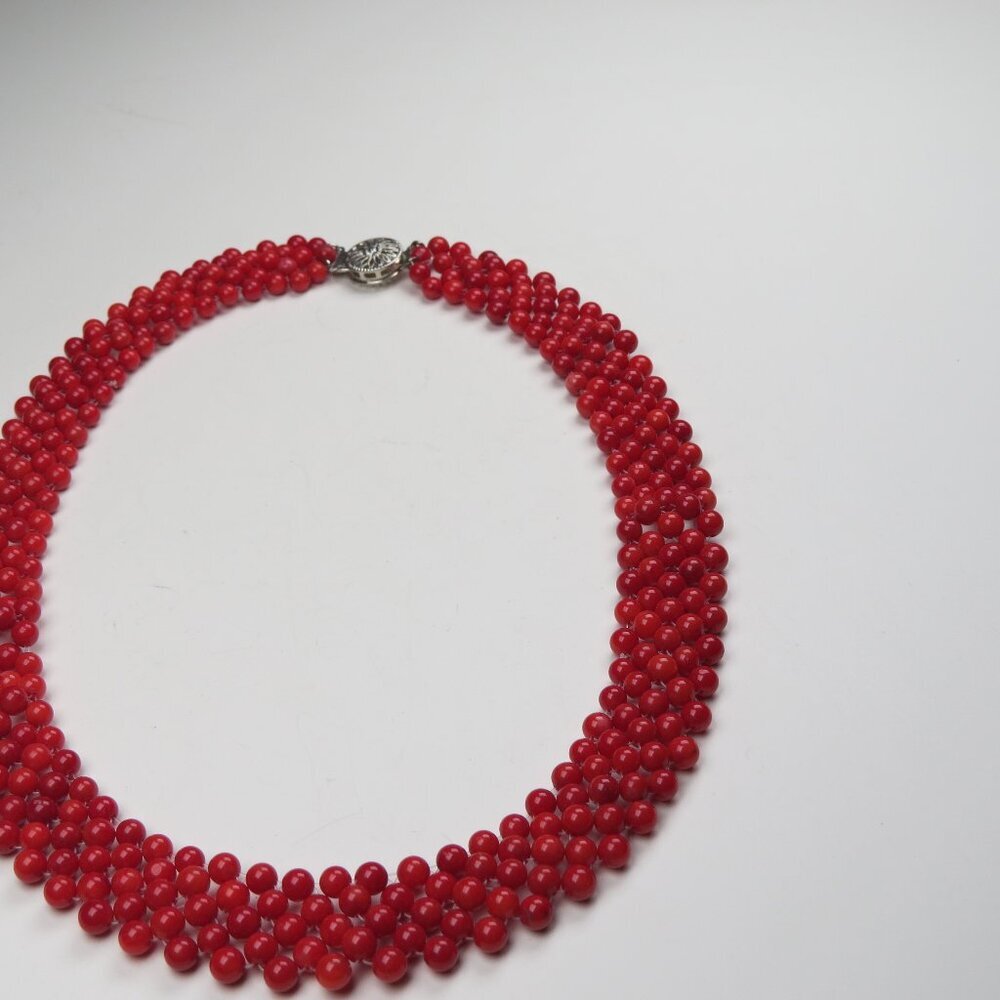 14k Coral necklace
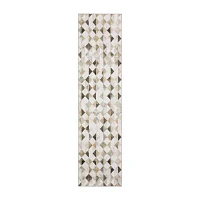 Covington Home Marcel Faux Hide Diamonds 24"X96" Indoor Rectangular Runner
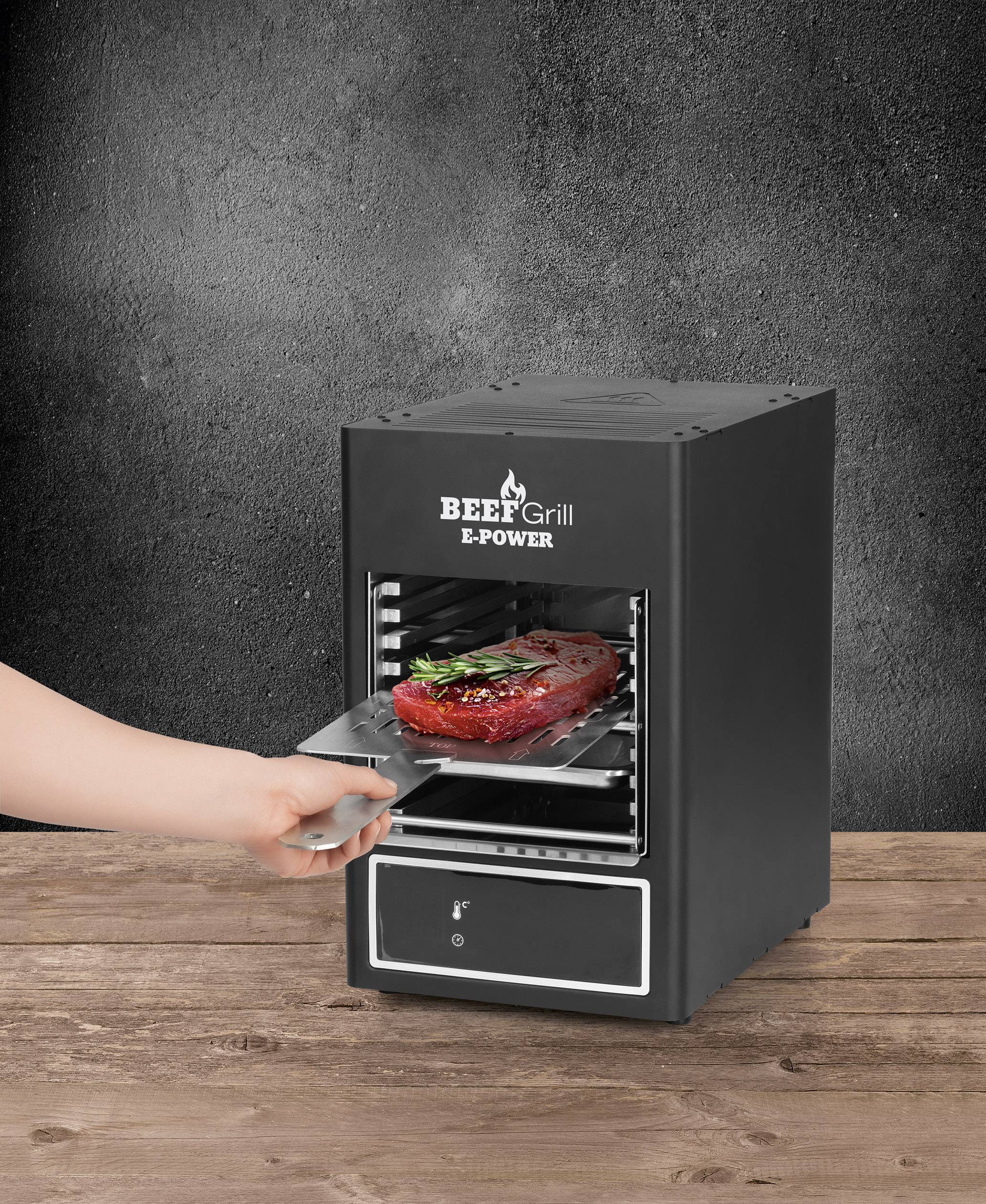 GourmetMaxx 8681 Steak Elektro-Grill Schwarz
_ _ _ _ _ _ _
What you are asked to do: Transcribe the material above in full. No picture is to be copied.

Written solution:
 14k Coral necklace
 Covington Home Marcel Faux Hide Diamonds 24"X96" Indoor Rectangular Runner
 GourmetMaxx 8681 Steak Elektro-Grill Schwarz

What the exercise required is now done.